Je ne réponds rien préférant l'observer et prévoir une éventuelle attaque. Il porte une drôle de combinaison blanche, une casquette et des lunette de soleil lui cachant les yeux. Il souri mais je vois bien qu'il est tout de même sur ses gardes.

-Je m'appelle Sachi! Et toi?

Je me mure toujours dans le silence. Il soupire.

Bon, pas grave! sourit-il de nouveau. Dis moi, tu dois avoir faim, non?

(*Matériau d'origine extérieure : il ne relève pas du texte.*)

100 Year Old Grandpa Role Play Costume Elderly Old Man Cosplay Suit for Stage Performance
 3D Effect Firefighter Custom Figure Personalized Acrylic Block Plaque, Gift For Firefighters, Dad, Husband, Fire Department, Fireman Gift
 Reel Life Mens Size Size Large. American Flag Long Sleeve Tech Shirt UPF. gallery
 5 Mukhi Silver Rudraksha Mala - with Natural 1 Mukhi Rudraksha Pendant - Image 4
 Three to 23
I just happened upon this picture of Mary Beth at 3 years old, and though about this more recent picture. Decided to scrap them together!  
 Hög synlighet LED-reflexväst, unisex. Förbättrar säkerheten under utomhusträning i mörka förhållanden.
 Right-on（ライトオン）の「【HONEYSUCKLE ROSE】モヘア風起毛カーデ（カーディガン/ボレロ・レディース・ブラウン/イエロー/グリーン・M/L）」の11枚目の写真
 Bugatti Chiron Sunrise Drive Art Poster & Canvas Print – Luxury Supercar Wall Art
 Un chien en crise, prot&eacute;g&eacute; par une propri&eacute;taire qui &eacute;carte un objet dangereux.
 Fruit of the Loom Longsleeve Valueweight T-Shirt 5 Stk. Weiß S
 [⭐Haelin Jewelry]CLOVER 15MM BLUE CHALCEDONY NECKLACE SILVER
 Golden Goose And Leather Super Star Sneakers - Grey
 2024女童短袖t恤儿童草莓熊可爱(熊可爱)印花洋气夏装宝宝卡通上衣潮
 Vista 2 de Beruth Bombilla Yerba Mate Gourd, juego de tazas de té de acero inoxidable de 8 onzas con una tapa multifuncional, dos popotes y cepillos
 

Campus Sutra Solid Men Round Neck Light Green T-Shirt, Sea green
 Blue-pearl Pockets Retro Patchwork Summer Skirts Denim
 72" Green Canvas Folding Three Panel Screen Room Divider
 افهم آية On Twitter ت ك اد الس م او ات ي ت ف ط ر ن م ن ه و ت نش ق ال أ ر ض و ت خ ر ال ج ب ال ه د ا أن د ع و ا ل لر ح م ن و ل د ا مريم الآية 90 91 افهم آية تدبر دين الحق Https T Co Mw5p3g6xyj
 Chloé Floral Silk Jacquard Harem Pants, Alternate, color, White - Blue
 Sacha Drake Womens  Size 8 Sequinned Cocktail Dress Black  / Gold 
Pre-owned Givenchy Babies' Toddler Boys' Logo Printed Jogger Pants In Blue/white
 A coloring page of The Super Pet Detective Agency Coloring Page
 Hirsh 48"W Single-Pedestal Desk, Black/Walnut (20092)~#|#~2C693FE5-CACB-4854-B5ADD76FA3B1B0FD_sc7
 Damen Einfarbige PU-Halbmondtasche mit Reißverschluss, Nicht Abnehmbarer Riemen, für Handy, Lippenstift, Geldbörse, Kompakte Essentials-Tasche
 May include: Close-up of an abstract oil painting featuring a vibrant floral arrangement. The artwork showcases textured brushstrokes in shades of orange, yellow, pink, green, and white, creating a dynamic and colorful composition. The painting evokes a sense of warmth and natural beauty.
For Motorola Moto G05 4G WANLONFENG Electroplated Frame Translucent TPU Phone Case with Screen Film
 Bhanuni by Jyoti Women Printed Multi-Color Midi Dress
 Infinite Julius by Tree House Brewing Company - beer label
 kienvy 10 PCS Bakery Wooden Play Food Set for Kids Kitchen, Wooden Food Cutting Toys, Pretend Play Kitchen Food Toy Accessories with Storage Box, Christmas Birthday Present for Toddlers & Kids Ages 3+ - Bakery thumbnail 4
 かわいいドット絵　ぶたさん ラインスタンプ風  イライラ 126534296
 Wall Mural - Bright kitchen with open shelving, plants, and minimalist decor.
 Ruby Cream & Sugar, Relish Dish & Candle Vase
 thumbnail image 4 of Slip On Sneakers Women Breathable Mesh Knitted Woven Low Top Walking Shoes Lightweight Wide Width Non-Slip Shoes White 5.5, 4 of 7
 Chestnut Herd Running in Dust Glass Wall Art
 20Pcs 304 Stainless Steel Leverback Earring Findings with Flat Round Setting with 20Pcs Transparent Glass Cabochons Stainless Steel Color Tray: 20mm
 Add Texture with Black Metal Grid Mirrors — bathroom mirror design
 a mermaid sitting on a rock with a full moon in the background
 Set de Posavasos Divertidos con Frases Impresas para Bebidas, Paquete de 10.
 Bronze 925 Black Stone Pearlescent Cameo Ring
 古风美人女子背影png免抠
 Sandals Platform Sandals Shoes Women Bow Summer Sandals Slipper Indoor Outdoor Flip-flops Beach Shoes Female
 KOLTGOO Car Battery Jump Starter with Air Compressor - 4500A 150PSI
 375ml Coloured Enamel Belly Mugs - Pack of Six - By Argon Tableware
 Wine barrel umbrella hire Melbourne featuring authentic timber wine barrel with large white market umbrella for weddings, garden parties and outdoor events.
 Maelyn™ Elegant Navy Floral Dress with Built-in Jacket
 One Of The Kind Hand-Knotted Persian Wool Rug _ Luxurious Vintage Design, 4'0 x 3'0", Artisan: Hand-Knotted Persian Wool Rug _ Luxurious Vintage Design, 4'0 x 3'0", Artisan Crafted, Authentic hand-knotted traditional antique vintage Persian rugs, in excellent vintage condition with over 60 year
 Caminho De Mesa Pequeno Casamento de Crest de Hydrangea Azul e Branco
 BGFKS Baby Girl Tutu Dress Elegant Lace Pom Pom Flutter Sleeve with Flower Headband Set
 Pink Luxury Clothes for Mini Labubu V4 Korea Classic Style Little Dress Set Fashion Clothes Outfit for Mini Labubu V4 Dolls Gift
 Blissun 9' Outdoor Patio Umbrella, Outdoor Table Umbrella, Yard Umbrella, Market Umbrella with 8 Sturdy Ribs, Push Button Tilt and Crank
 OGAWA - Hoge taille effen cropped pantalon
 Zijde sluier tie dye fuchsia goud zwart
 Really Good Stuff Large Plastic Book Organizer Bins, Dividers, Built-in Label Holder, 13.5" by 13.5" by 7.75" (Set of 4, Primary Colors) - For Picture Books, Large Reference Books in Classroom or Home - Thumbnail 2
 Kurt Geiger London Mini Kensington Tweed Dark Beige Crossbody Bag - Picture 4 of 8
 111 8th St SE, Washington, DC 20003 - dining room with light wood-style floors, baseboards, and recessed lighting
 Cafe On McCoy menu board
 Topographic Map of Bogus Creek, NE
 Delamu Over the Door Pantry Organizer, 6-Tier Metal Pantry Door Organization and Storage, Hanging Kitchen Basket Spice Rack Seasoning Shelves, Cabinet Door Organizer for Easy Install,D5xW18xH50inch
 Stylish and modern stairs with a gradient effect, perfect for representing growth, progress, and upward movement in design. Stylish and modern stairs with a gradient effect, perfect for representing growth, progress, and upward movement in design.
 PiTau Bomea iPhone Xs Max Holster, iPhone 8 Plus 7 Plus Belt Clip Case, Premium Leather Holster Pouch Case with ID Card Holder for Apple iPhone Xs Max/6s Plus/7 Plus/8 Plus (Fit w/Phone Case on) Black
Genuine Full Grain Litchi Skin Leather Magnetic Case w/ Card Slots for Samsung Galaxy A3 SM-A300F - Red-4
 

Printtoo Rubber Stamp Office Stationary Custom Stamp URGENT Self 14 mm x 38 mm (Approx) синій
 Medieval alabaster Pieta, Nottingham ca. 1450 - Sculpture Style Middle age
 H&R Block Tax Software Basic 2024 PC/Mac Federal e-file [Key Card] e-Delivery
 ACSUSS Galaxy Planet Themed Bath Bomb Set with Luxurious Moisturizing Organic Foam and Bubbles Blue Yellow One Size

A ce moment, mon ventre, ce traitre, se met à gronder furieusement. Je ne sais pas combien de temps je suis restée inconsciente mais j'ai vraiment une faim de loup. Je mets mes mains sur mon ventre en grimaçant. Sachi rit avant de me demander de le suivre. Il me tourne ensuite le dos. Je sursaute pour la deuxième fois en quelques minutes. Il venait de me tourner le dos!? Je suis une potentielle ennemie et il me tourne le dos?! Est-il inconscient ou juste stupide? Il se retourne légèrement.

-Alors? Tu viens?

Je me décide donc à le suivre. Finalement, je pense que c'est pour me montrer qu'il ne me veut aucun mal. De toute façon avec la blessure que je me tape au ventre je suis pratiquement sure de ne pas pouvoir tenir très longtemps lors d'un combat. Nous empreintons de nouveau les couloirs froids et métalliques. Je perds le compte des portes que nous passons. Je serai encore perdue si mon guide ne marchai pas devant moi d'un pas assuré.

Au bout de quelques minutes de marche, nous finissons par arriver devant une porte a double battant derrière laquelle retenti un joyeux boucan. Je commence à reculer de nouveau mais mon guide pousse la porte et s'évertue à la tenir pour moi avec un grand sourire. Je n'ai pas le choix et suis obligée de passer devant lui pour entrer dans la piece.

Il s'agit comme je l'ai deviner d'un mess. Deux grandes tables, en bois cette fois, occupent le centre de la piece. Un deuxième porte se trouve à l'autre extrémité menant surement a une cuisine.

La piece est bondée de monde, environs une trentaine de personne occupent les banc de bois autour des tables. Ils se sont tous brusquement tu a notre entrée. Enfin, plutôt à mon entrée…

Je n'ose pas bouger, je les fixe prête à prendre la fuite si nécessaire.

Soudain l'un d'entre eux e lève et s'approche de moi. J'écarquille les yeux. Je sais très bien qui se trouve devant moi. Je suis dans la merde jusqu'au coup. Je le sens mal, très mal. Je recule de quelques pas mais me cogne contre Sachi toujours derrière moi. Je fixe toujours l'homme en face de moi. Je déglutis difficilement lorsqu'il sourit avec un air sadique.